Assigned task: Would you please transcribe the listing exactly, with no images?

Source data:
————————

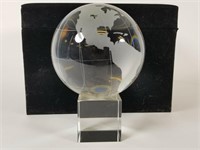 Shannon Crystal etched globe & pedestal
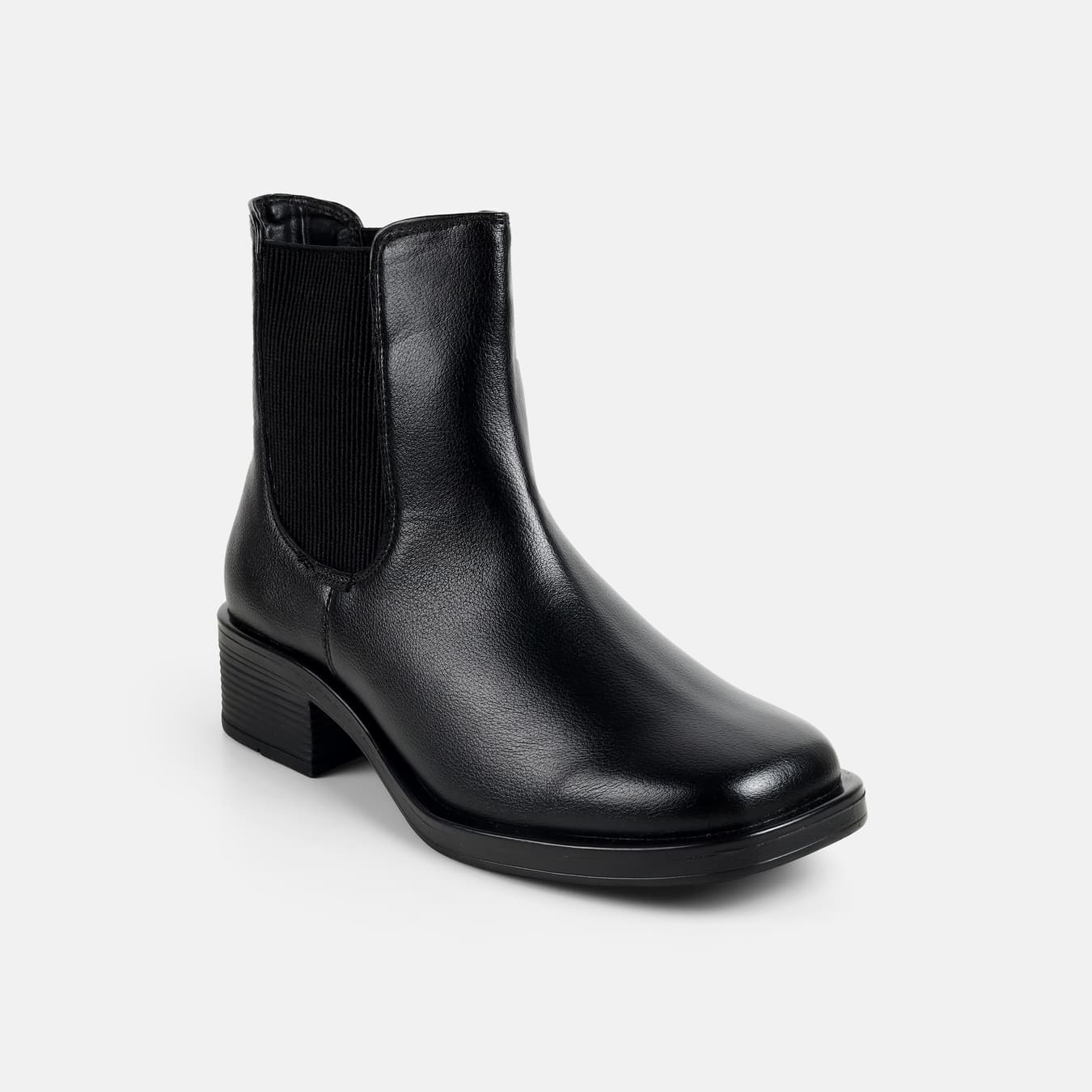 Women's Black Casual Round Toe Synthetic Boots
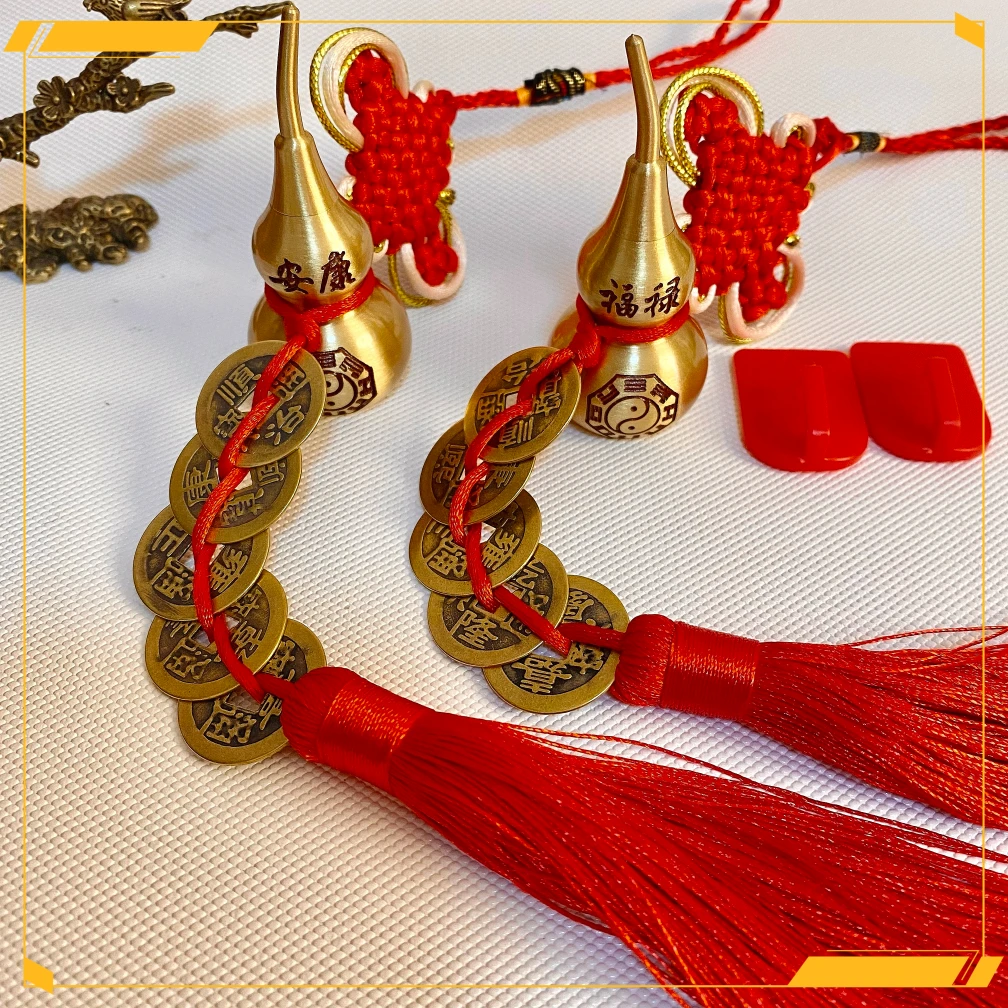 中国结挂【老师推荐】黄铜大葫芦高端定制双面刻字刻图五帝钱葫芦吉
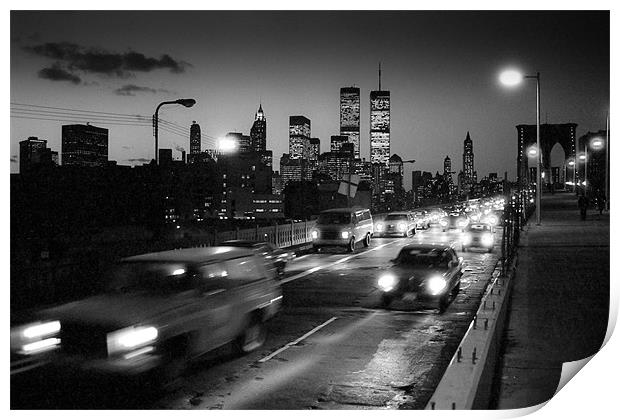 Manhattan skyline dusk 1980s Print by Gary Eason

————————

Written reply:
 Shannon Crystal etched globe & pedestal
 Women's Black Casual Round Toe Synthetic Boots
 中国结挂【老师推荐】黄铜大葫芦高端定制双面刻字刻图五帝钱葫芦吉
 Manhattan skyline dusk 1980s Print by Gary Eason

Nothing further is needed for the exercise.